== Recorded data ==
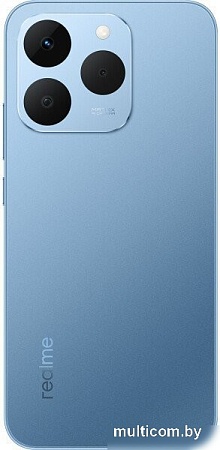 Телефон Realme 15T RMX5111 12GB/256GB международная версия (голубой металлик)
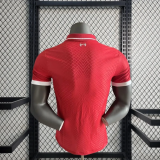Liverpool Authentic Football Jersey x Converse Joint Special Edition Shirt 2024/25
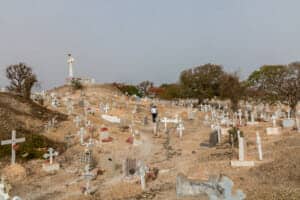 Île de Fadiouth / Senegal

== Work instruction ==
Copy out every line above without change, dropping the pictures.

== Task solution ==
 Телефон Realme 15T RMX5111 12GB/256GB международная версия (голубой металлик)
Liverpool Authentic Football Jersey x Converse Joint Special Edition Shirt 2024/25
 Île de Fadiouth / Senegal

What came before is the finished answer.